By Neal Lathia, Senior Data Scientist, London.
Learning to Rank for Flight Itinerary Search
Searching for the perfect flight is one of the core activities for Skyscanner app users. Similarly, thinking about ways to help our users book the ideal trip is one of the problems that we find ourselves discussing the most. Recently, at the Workshop on Recommenders in Tourism (part of ACM RecSys 2017), I had the opportunity to give a keynote where I shared some of our recent experiments in this domain — and particularly, on how we’re applying machine learning within this problem. In this post, I’ll expand on some of the thoughts that I shared there.
Many of us will have already experienced the pain of searching for an ideal flight — there are so many different factors that come into play. Is this too expensive? Could we get to the airport for this time? Should we stopover somewhere to save some money, or pay a bit more for a direct flight? Should we leave a day earlier and come back a day later? Depending on where you are flying from and trying to fly to, the possibilities may seem endless.

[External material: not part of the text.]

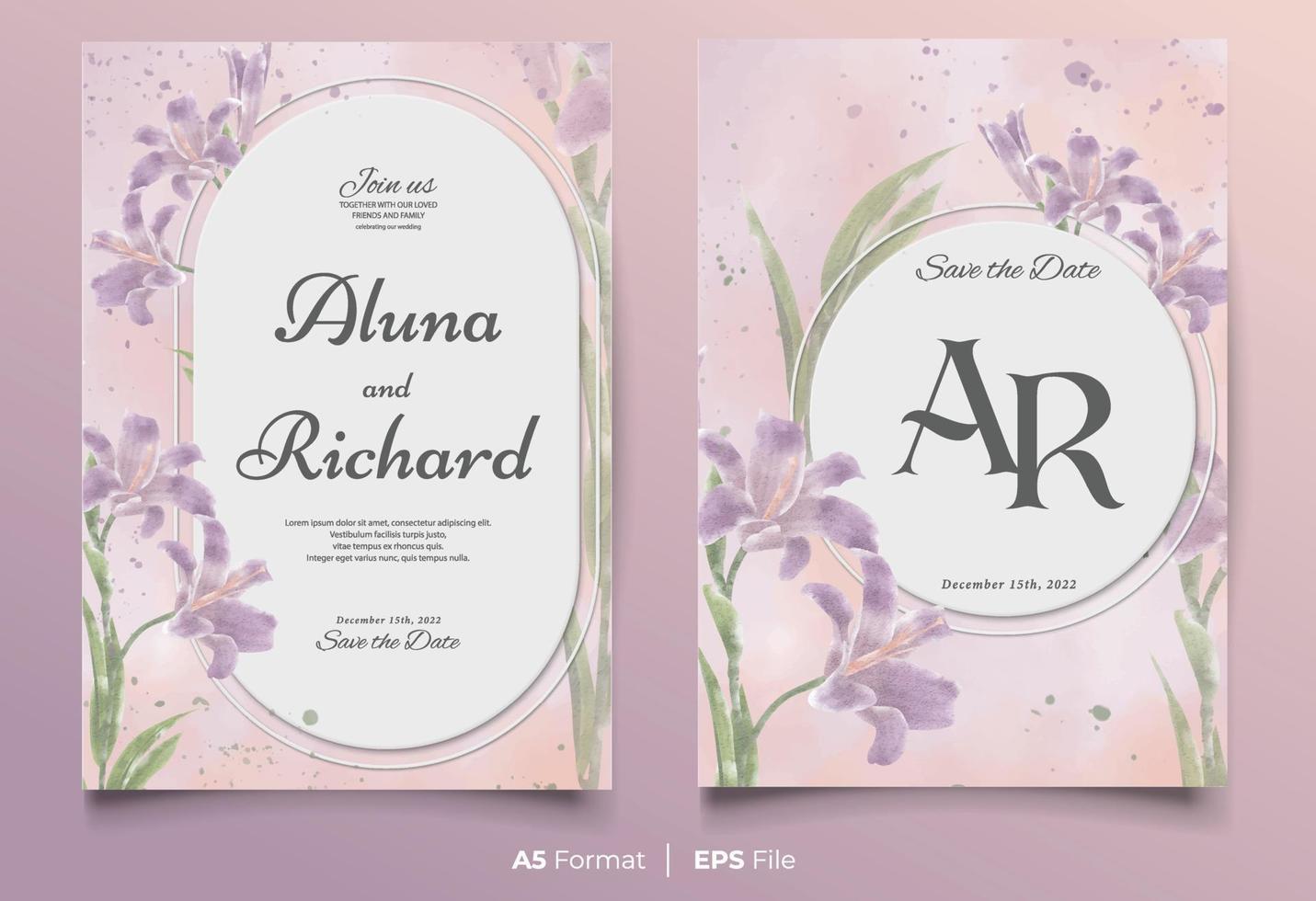 plantilla de invitación de boda en acuarela con adorno de flores moradas y verdes vector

In a recent post, Zsombor described how the Skyscanner app’s flight search result page has evolved over time —it is now moving away from being an infinite list of price-sorted flights and towards being a set of tools (or widgets) that help users navigate the complexity of this choice. While there are many ideas and improvements that we can envisage that will surface information and control, one of the questions that we asked was: can we help users by immediately surfacing the ‘best’ flights?
In the research literature, sorting ‘items’ (in this case, flight itineraries) using some notion of ‘best’ or ‘relevant’ is known as learning to rank. Applying various forms of machine learning in this problem space has been studied extensively and is increasingly common across various products (e.g., Search at Slack, Venue Search in Foursquare, and Ranking Twitter’s Feed).
The basic premise is that if we had data about items that users think of as relevant to their query — positive examples — and items that users think were not relevant to their query — negative examples — then we can use these to train a machine learning model that can predict the probability that a user will find a flight relevant to their query. In doing so, we have translated the problem of ranking items into a binary regression one (note: there are other methods, such as the pairwise approach to ranking which I do not cover here).
Defining relevance in any context is tricky. Many systems rely on measuring this implicitly, by looking at what items users are clicking on. In the Skyscanner app, though, clicking on a search result is not a very strong signal that users have found what they are looking for — you may simply be clicking on the itinerary to find out a little bit more. A much stronger signal of relevance is the commitment click through to the airline/travel agent’s website to purchase it, which requires multiple actions from the user.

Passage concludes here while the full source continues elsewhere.